◆ Requirement: In the following listing, find the lines containing "Amdahl" and report them.

◆ Given entries:
· · ·
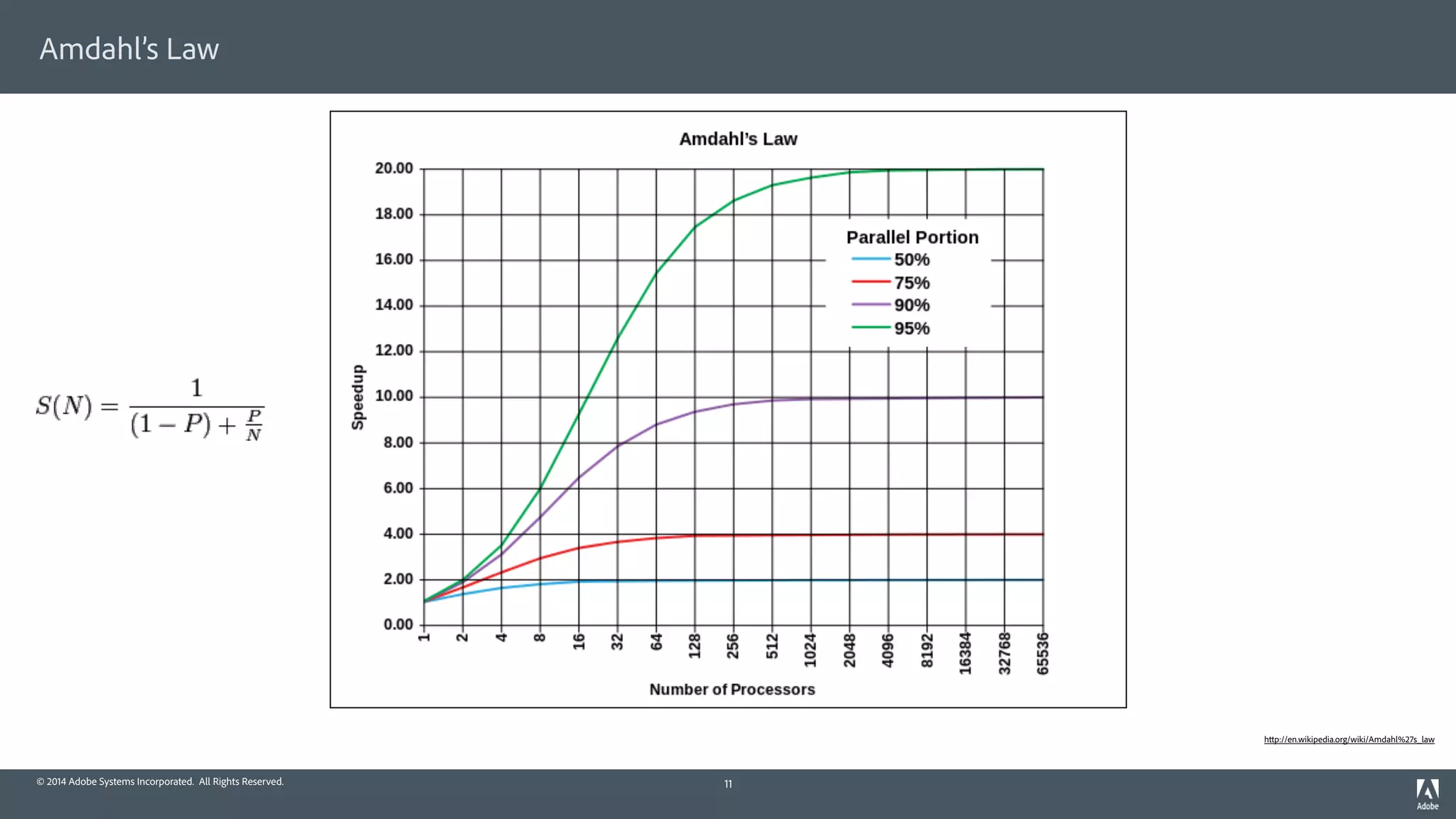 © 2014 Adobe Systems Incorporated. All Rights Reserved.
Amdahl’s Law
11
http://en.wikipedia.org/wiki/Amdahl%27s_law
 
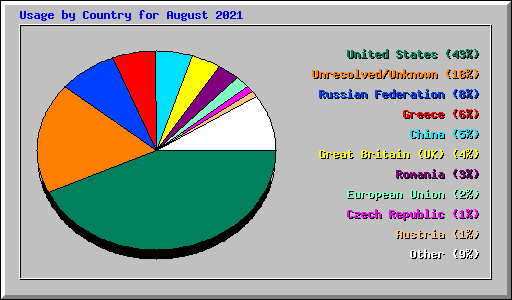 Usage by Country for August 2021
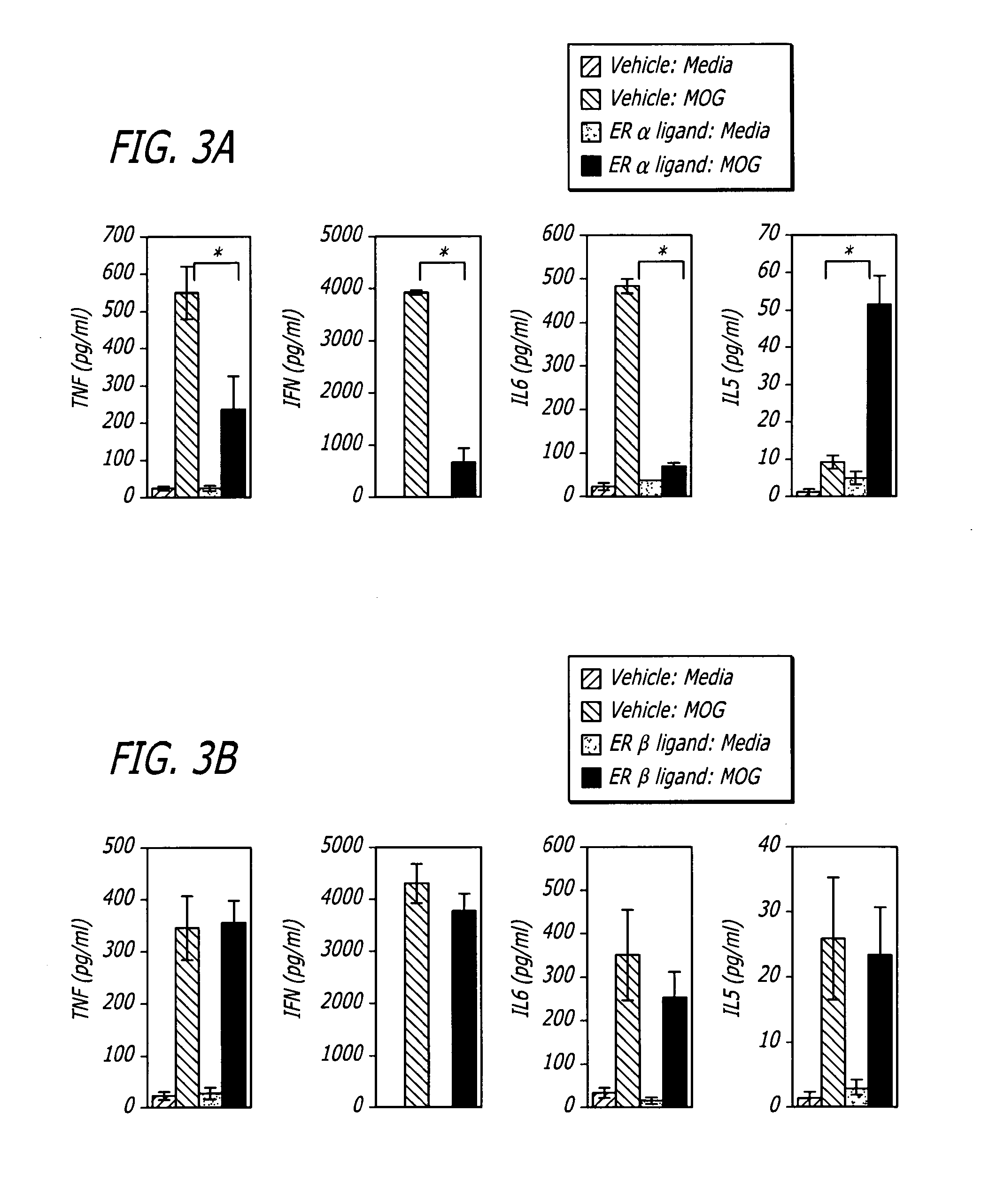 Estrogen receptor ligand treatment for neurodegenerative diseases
· · ·
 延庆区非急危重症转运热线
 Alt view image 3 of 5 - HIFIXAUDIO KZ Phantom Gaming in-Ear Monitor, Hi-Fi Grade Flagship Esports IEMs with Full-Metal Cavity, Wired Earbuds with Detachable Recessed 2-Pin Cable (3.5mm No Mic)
· · ·
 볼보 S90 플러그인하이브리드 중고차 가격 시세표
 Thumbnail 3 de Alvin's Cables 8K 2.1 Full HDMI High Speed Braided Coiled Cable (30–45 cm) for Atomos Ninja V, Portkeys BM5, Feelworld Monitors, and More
· · ·
◆ Worked solution:
Amdahl’s Law
http://en.wikipedia.org/wiki/Amdahl%27s_law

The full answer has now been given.